Rockland Council approves city-financed small business loan program for pandemic-related situations

Fri, 05/29/2020 - 10:00pm

    ROCKLAND — Small businesses in Rockland are now able to apply for $5,000 loans funded by a Downtown reserve account and money from a City undesignated fund.

    Council members approved the measure in a 4 - 1 (Councilor Ed Glaser) vote during a budget session, Wednesday, May 27. The overall approval, however, did not come easily. 

    Since the beginning of the COVID-19 shutdown, Council members have been seeking ways to support businesses and residents through the pandemic. They’ve shown concern for rent evictions, sought ways to involve local products (Mayor Lisa Westkaemper asked during a previous meeting if any new plows could come from Fisher), as well as considered a closure of Main Street as a way to draw attention to the Downtown district.

    According to some Council members, however, City business must result in a benefit to the City, aka, its taxpayers. Councilor Valli Geiger stated this mindset during her initial disproval of an isolated Downtown TIF loan offer. 

    This order on the May 27 agenda authorized the City Manager to use the money allocated to the Downtown TIF fund for small loans to Downtown businesses.

    “I don’t think the average taxpayer is going to understand why Main Street gets loans while no one else, including all the other businesses, do not,” she said. “I have trouble justifying small loans rather than some kind of permanent infrastructure that’s to the benefit of the City. These are tax moneys. They belong to the people of Rockland. I can’t get passed small loans to individual businesses, hoping they’ll make it. But, if they don’t, the taxpayer’s on the hook for that. We just lost the money. I’m not happy about that; I’ve been thinking about this a lot. But, I don’t think I can vote for it.”

    Councilors Ben Dorr and Nate Davis requested that the loan program be expanded to include all Rockland small businesses, not just Downtown.

    With that in mind, Dorr proposed adding $100,000 from the City’s undesignated fund account to expand the loan opportunity to the rest of the city.

    The undesignated fund is normally used for City projects, such as street lighting, and currently holds a rough estimate of $2.5 million, according to City Manager Tom Luttrell, during the May 27 meeting, conducted via Zoom.

    Dorr, a Downtown business owner, said that $5,000 is worth a lot more during the pandemic. For him, the money would cover two months rent as his business sits closed and idle. To the City, the loans may be a small risk, he told Geiger. Yet, the money is taxpayer funded, and Rockland businesses are taxpayers, too. They helped build the funds prior to COVID-19. 

    “Let’s give it back to them and keep their businesses going for another couple of months so hopefully things can normalize,” he said. “Right now is the crisis moment. Right now is trauma moment. Now is the moment to give people $5,000, whether it is to fix their truck for their lawn repair business, pay their rent for their space on Main Street, whatever that thing is that could close them because they are in crisis. We have an opportunity to use their money to help them get through a really difficult time as a small business. I think that has real value for our community. I think it is a small risk for a potentially really large gain for a lot of people.”

    Councilor Ed Glaser defined the undesignated fund balance as a collection of tax dollars paid into the system that hasn’t been spent yet. His idea is to see that money spent on City projects that benefit the entire city, such as the street lighting. 

    “I don’t know that lending money with the possibility we may never get it back is really something that most taxpayers would support,” he said. “I can support one but not the other, and if the two of them (Downtown TIF and undesignated) are put together, I wouldn’t be able to support it.”

    Councilor Davis stated that he couldn’t vote in approval if the two were separated. 

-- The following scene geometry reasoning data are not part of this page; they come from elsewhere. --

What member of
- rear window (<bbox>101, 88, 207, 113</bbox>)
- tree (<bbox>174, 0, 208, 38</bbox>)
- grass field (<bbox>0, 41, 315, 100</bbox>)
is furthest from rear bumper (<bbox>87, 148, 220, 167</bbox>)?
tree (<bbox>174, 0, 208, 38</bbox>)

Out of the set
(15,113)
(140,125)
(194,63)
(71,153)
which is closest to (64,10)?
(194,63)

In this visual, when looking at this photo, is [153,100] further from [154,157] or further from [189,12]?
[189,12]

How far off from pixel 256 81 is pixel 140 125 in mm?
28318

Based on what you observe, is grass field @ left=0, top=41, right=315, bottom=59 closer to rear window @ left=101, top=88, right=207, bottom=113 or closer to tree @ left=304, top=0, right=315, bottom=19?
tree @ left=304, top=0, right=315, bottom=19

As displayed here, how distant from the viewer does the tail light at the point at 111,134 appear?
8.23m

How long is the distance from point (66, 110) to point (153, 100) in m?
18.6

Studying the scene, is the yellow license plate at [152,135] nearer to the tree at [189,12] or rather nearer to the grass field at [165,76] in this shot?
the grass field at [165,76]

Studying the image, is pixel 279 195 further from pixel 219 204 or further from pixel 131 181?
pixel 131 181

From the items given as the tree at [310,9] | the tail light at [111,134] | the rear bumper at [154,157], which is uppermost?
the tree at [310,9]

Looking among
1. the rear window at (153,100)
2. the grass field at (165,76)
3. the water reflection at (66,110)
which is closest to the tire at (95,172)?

    “Tax money is for public benefit in general, regardless right?” he asked. “And the fact that the TIF money is restricted geographically, and for certain uses in a geographic region, doesn’t mean it can’t be spent on projects that benefit the entire town.”

    Glaser said that it’s not just about the money. The entire loan program could potentially add a large burden on the City employees who would manage the loans. The program, he said, would create a workload for staff over the next few years in the form of sending out yearly bills or monthly reminders, or at the end of the term, trying to track down the money.

    The other Councilors held no concern. Rockland already manages a couple of microloan programs.